Scientists in Australia and Sweden have developed the first mathematical formula to measure the impact of human activity on the earth.  They found that humans are causing the climate to change 170 times faster than natural forces.

The study from Australian National University's Professor Will Steffen and his team appears in the journal The Anthropocene Review.  The authors say that for the past 4.5 billion years, astronomical and geophysical factors have been the dominating influences on the Earth system - meaning the biosphere, the atmosphere, hydrosphere, cryosphere and upper lithosphere.  Or as Owen Gaffney from the Stockholm Resilience Center puts it, "The atmosphere, oceans, forests and wetlands, waterways and ice sheets and fabulous diversity of life."

But for the past six decades, human forces "have driven exceptionally rapid rates of change in the Earth system".  That has ushered in a new epoch scientists call the Anthropocene.  For all of human history prior to this new epoch, we lived within the forces of nature - until the most recent few decades, when nature has reacted to what we've thrown at it.  "Human activities now rival the great forces of nature in driving changes to the Earth system," the paper said.

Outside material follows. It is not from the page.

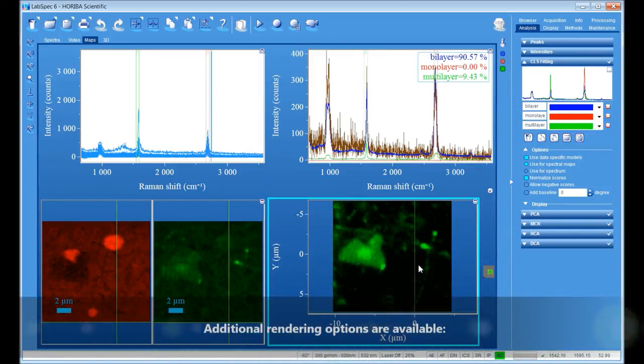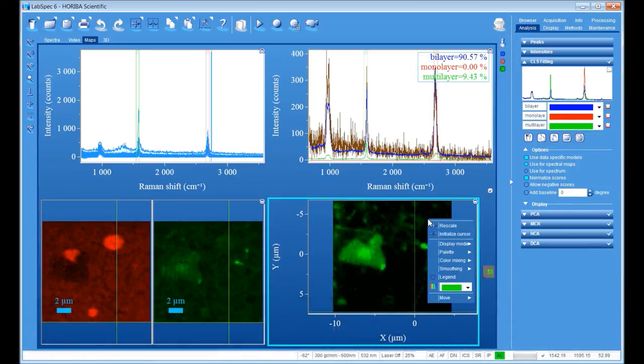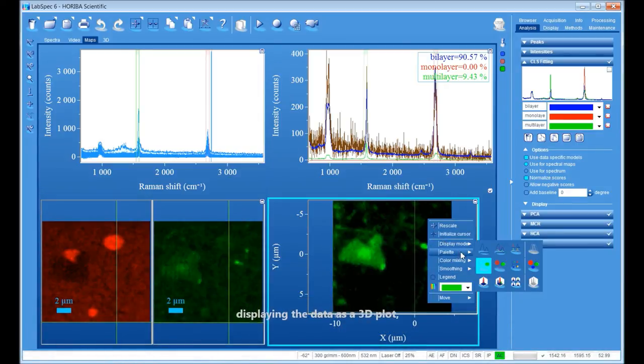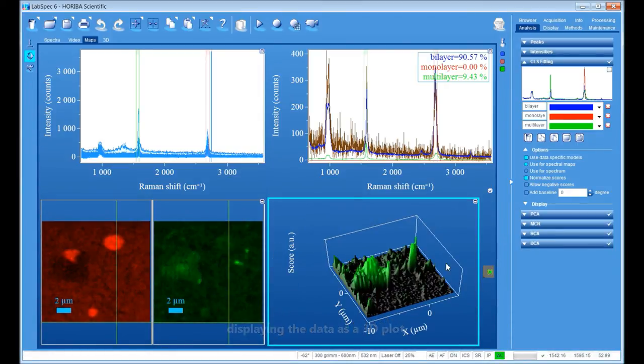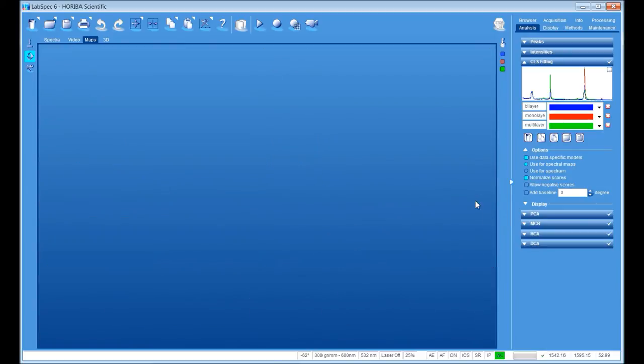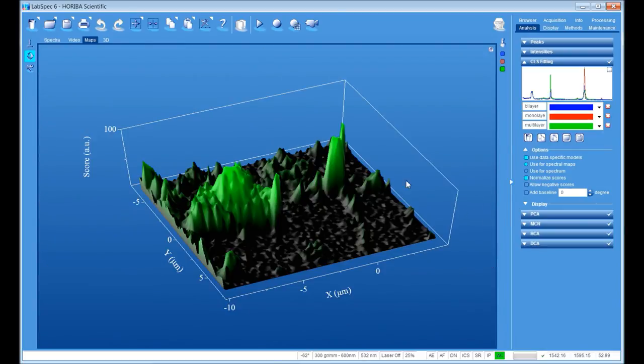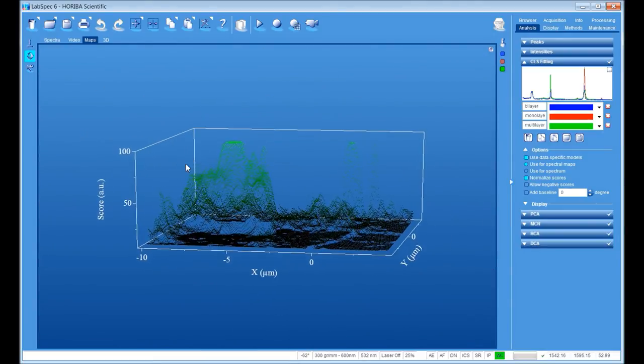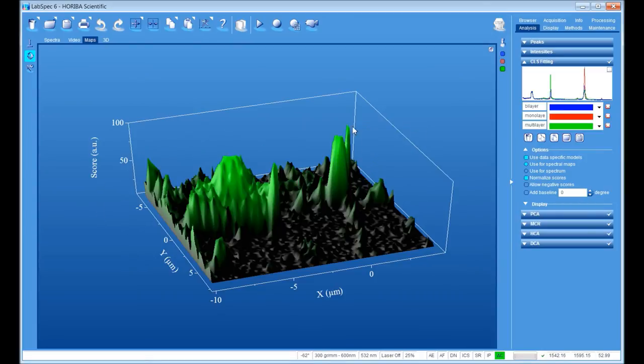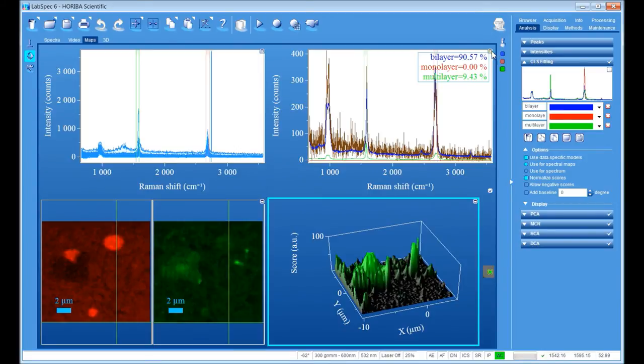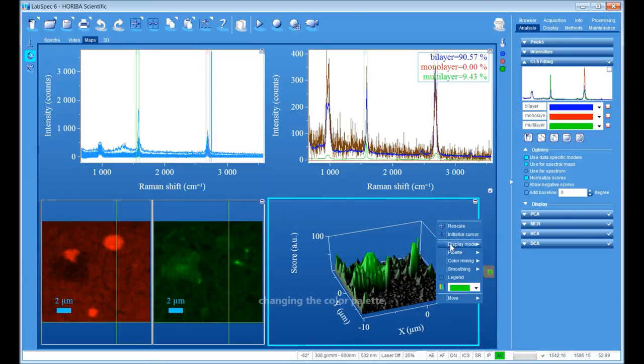Additional rendering options are available, such as displaying the data as a 3D plot or changing the color palette.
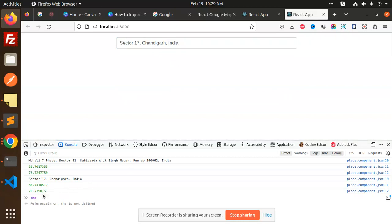This is how we add the autocomplete functionality to your React project. Any doubts or queries, let me know in the comment section. Thank you so much for watching this video, have a great day.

"Over the last century or so, we can see that the impact of humans - through fossil fuels, through forest clearing, through all sorts of changes to the biosphere - have become more important than these other forces," said Professor Steffen.  But over five decades, greenhouse gas emissions from human activity "have increased the rate of temperature rise to 1.7 degrees Celsius per century, dwarfing the natural background rate," the professor added.

Gaffney and Steffen conclude their research with the stern warning that climate change could "trigger societal collapse", because human societies aren't as resilient as earth systems in adapting to rapid change.